Within the study cohort, the sonographical proof of an autotenodesis of the LHB in the bicipital groove was lacking in only two patients. The low sonographical failure rate of 3.6% is in concordance with the absence of severe muscle deformities in most patients.

As the cosmetic results are based on subjective evaluation measurements of the arm circumference would feature an objective investigation tool for upper arm deformities and should be included in following studies. However, the used LHB score with its patient-dependent and examiner-dependent evaluation of the cosmetic outcome is considered to be a valid tool to assess the postoperative clinical progress as well [16].

Postoperative rehabilitation was performed according to our standard protocol for tenodesis with the restriction of forced elbow flexion and supination for six weeks. A recent study showed that a more conservative approach could contribute to limited ROM after tenodesis [27]. However, earlier active motion of the tenotomy group may have resulted in a higher number of Popeye deformities. Therefore, we opted for the more conservative rehabilitation protocol in analogy to conventional tenodesis techniques to ensure stable healing of the LHB loop.

Nevertheless, the following limitations of the present work must be considered. First, the study lacks a suitable control group. A randomized design comparing the loop tenodesis technique with the conventional techniques of tenotomy and tenodesis is required. Nevertheless, our historical patient collective (tenotomy, anchor tenodesis) is suitable for comparison as we used the identical study design for the present work. Secondly, this study presents the first clinical results six months after loop tenodesis of the LHB was performed. A longer follow-up is needed to draw more consistent conclusions.

5. Conclusions

The innovative implant-free loop tenodesis procedure for the long head of biceps shows favorable functional and cosmetic outcomes. Even after a short-term follow-up of six months, the outcome is already comparable to those of conventional therapy options, i.e., tenotomy and anchor tenodesis. However, long-term results have to follow to prove the sustainable success of this promising procedure.

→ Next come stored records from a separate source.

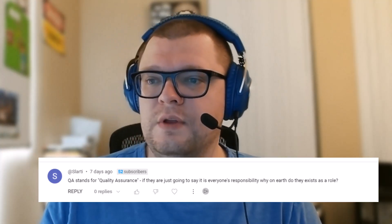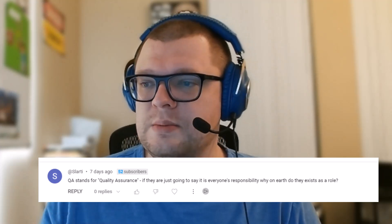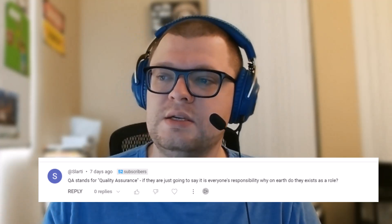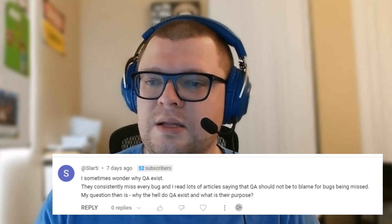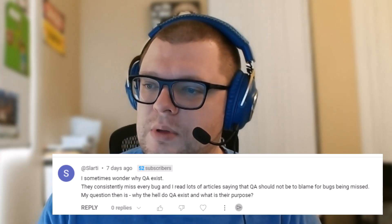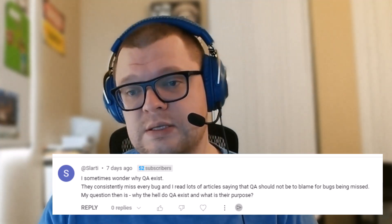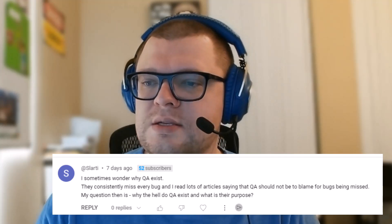Here are a couple of comments that a user left. The first one: 'QA stands for quality assurance — if they're just going to say it is everyone's responsibility, why on earth do they exist as a role?' And the second one: 'I sometimes wonder why QA exists — they consistently miss every bug, and I read lots of articles saying QA should not be to blame for bugs being missed. My question then is why do QA exist and what is their purpose?'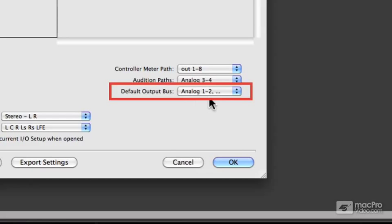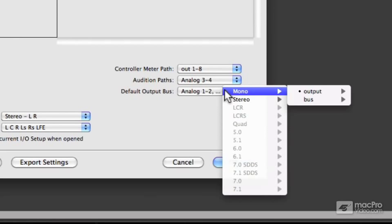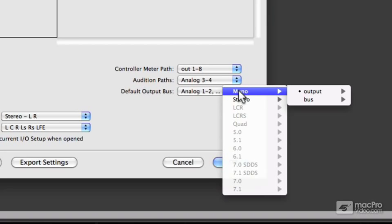Just underneath audition paths, you'll see default output bus. Now normally that would be analog one and two, but if you click on that drop down menu, you can change the output bus for both, in this case, mono and stereo audio tracks to be a different output bus.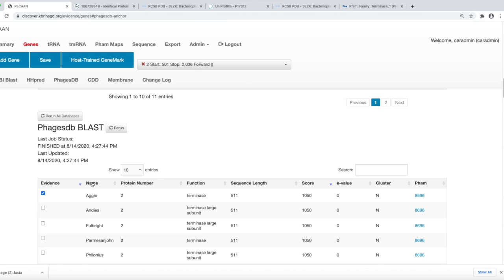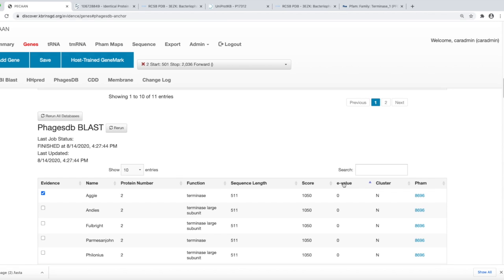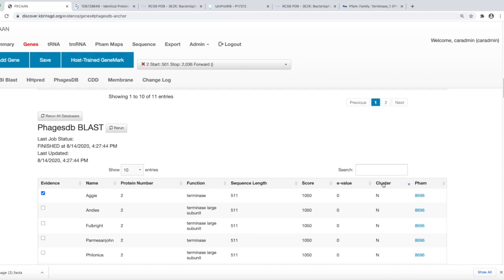There are headers at the top here. When you click on these headers, for example, it will sort the top 100 hits based on the values within that column. For example, here you see the E value, the high and the low, being sorted. Or you can even sort by cluster.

Outlook: All-Inside Loop Tenodesis Technique

To further reduce the invasiveness of the original loop tenodesis technique, an all-inside loop tenodesis technique was developed and published in 2019 by Kerschbaum et al. [28]. By the use of a special stitch configuration, the LHB loop can be created in an all-arthroscopic manner with only two arthroscopic portals and without extracorporeal treatment of the tendon. Compared to the arthroscopy-assisted technique [13], this approach further reduces the stress on the tendon and the potential risk of infection.